Welcome to my soapbox. Here you can typically expect to find my various and sundry diatribes, vituperations and general jawing on whatever it is that's on my mind at the time that I decide to post - you know, typical, self-indulgent blogging for the sake of externalizing what was previously a perfectly content internal monologue and putting it on the page for all the world to see. Again, welcome. Thanks, The Management

Monday, December 20, 2004

A Cold War of Epic Proportions

It's that time of year again, when a small-town newspaper offers a full-page spread and forum to taunt your neighbor's inability to best you in the annual "Parade of Lights" most-obnoxious house-lighting competition. There's even a $100 cash reward. How about that!? A visit to my grandparents' this past weekend reminded me of the local tradition. Dean, their neighbor across the street, has been engaged in a three-year illuminated arms race with another self-proclaimed master electrician from an adjacent town. Dean and Jim's relationship is tenuous at best, making China and Taiwan look like old Pinochle buddies.

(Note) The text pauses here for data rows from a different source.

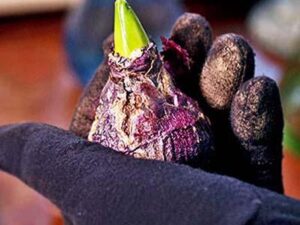 Hướng dẫn trồng hoa tiên ông từ củ đơn giản tại nhà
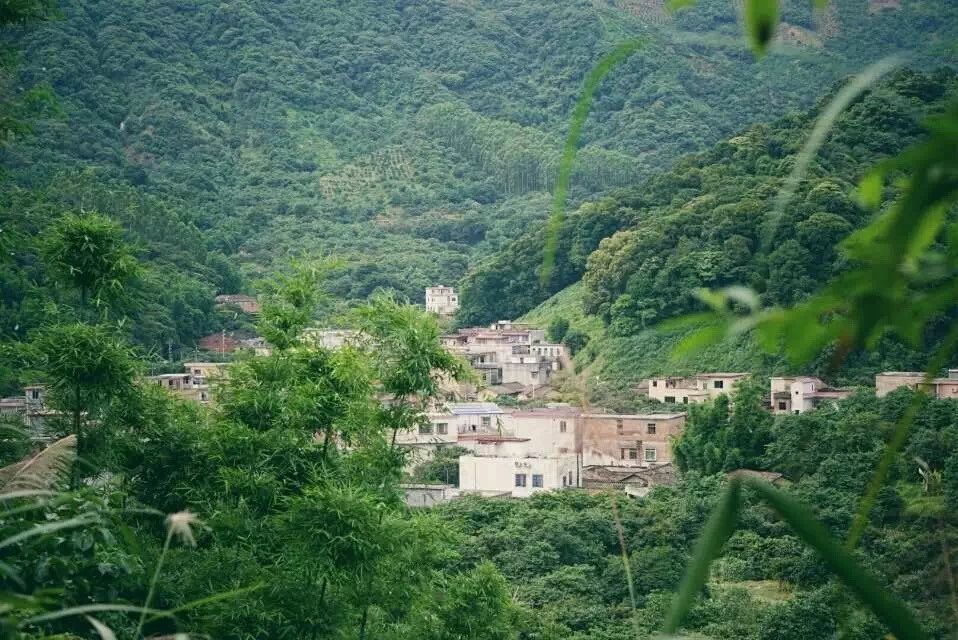 廣州·菁木山舍，有個(gè)木屋開滿鮮花看花開花落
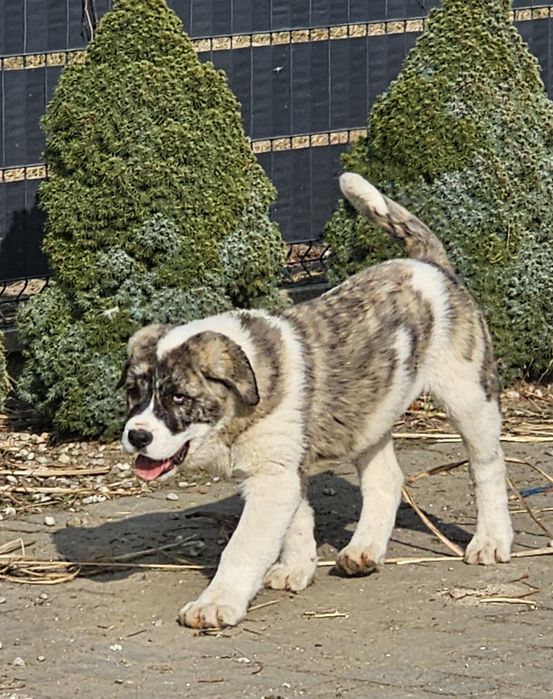 Owczarek srodkowoazjatycki piesek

The "Parade of Lights" dates back to the Holiday season of 2001 when the local paper must've been wooing advertising dollars from General Electric. The Editor in Chief decided to cough up $100 and a full-page spread with pictures to the home-owner who utilized the most lights decorating his/her house. Perhaps there were other entrants, but for all intents and purposes, only two - Dean and Jim - were willing to go to five and six-digit light-counts to win the prize.

A mere 30,000 lights won Jim his first "Parade of Lights" back in 2001. For his effort of 25,000, Dean received honorable mention in the paper and a vigorous published mocking from Jim. At one point Jim jokingly referred to Dean as "GE and PG&E's second-best customer." Jim offered an analogy later in the piece, calling Dean "Reno" to Jim's "Vegas." And so began the feud that has made 20th century U.S./Soviet tensions look like a playground shouting match.

With lines clearly drawn in the sand and tempers running hot, 2002's competition promised high expectations and the distinct possibility of fisticuffs, or perhaps worse. In November strategy sessions, Dean decided he would need an additional 25,000 lights, a Nativity scene and a large shameless, gaudy sign that read "Parade of Lights" to compete, as Jim would surely increase his totals. Both competitors knew home-size would not be a limiting factor; each owned three-story houses with several thousand square feet to play with. Quantity, not quality, would win it.

Judgment Day took Dean by total and utter surprise. Jim had given no quarter in his execution. 114,998 (two bulbs had burnt out in the days leading up to the judging) multicolored indoor/outdoor lights dotted seemingly every square inch of the home. From the point of the roof, a life-size internally lit Santa Claus mannequin slid back and forth on a zip line. Activated by a motion sensor, the Santa zipped down to the sidewalk entrance and jovially hollered, "Ho, Ho, Ho! Welcome!" to visitors and extended a basket with candy canes. Under the living room window a baby Jesus waved from a manger with flashing lights. Dean's loss made Super Bowl XXIV look like a nail-biter.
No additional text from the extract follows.